I will be on the look out for some strays and on my dog and cat, so far so good they're both clean. 

She was also combed with a flea comb, removed a lot of ticks, i mean this poor girl had/has thousands of those nasty critters. BIL will continue with the comb 3 times a day until she's completely clean. then he will treat his house also. we live close she will be under his care but will still be my pup. 
Her name is Domina (female derivation of Dominus: lord or master, a noble lady)
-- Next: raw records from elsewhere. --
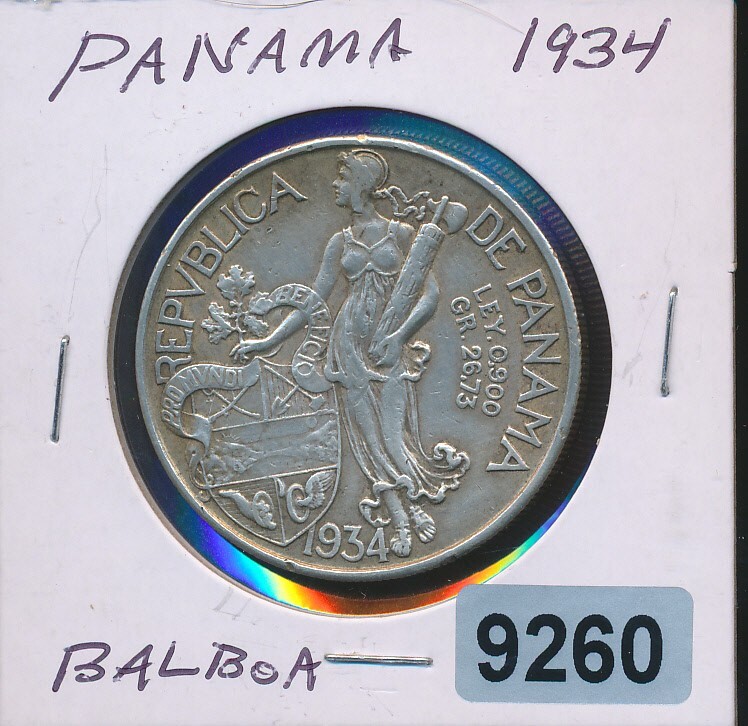Read more about the article PANAMA  – 1934 – 1 BALBOA – SILVER – #9260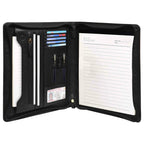 leather-padfolio-black-open-with-card-pen-holders - VILL OKSE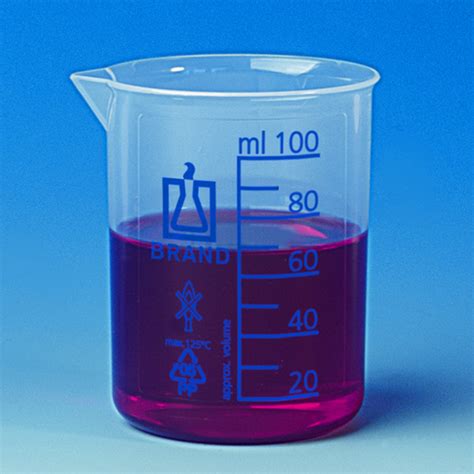 Beaker Low Form Pp 100 Ml 10 Ml Grad Blue Measuring Beaker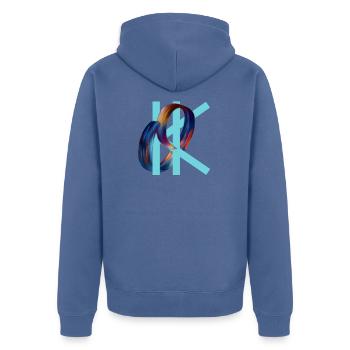 OK - Unisex Premium Organic Zip Hoodie - stone blue - Back - Nico (187cm)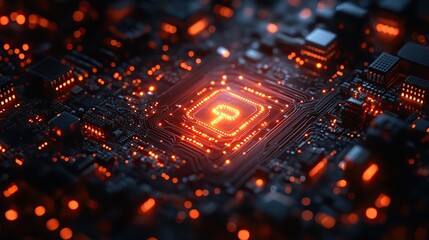 a glowing digital key amidst a network of circuits symbolizing cybersecurity and data access security and protection secure access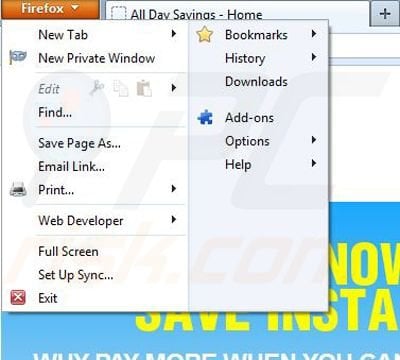 Removing All Day Savings ads from Mozilla Firefox step 1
ETA: she was also crated 90% of the time to limit the spread of ticks and she wasn't potty trained, she was out for potty breaks, food and short play sessions with my dog


----------



## Rocky101 (Oct 17, 2013)

hi! I had a really bad tick infestation, mainly in my yard. They are extremely difficult to kill, so i ended up calling a professional which has helped a lot, but I started to notice engorged ticks on my yard, so I knew my german shepard must have had some even though he was on K9 Advantix II and had the Preventic tick collar. After much consideration i shaved off his beautiful hair, and was mortified to find at least 30 ticks! After trying to take them all off I decided I would reapply the K9 Advantix II since my vet said it should work and maybe it wasnt getting to the skin because of this thick coat, so after reapplying it to his bare skin it 100 percent worked! All ticks died and he is tick free. I know it is tough to shave their beautiful coat but if it helps them to be healthy and tick free i say it is worth it and i recommend it!


----------



## nitemares (Dec 15, 2005)

I was going to shave her, but it's is getting colder and she's still a pup so the vet recommended against it. 
So far so good house is clean and she's as of 3 days 100% clean. been using a flea comb on her twice a day and she's losing er puppy hair so the hair now is much lighter i can not see or feel any ticks on her. and nothing falls of her while she plays like before.


----------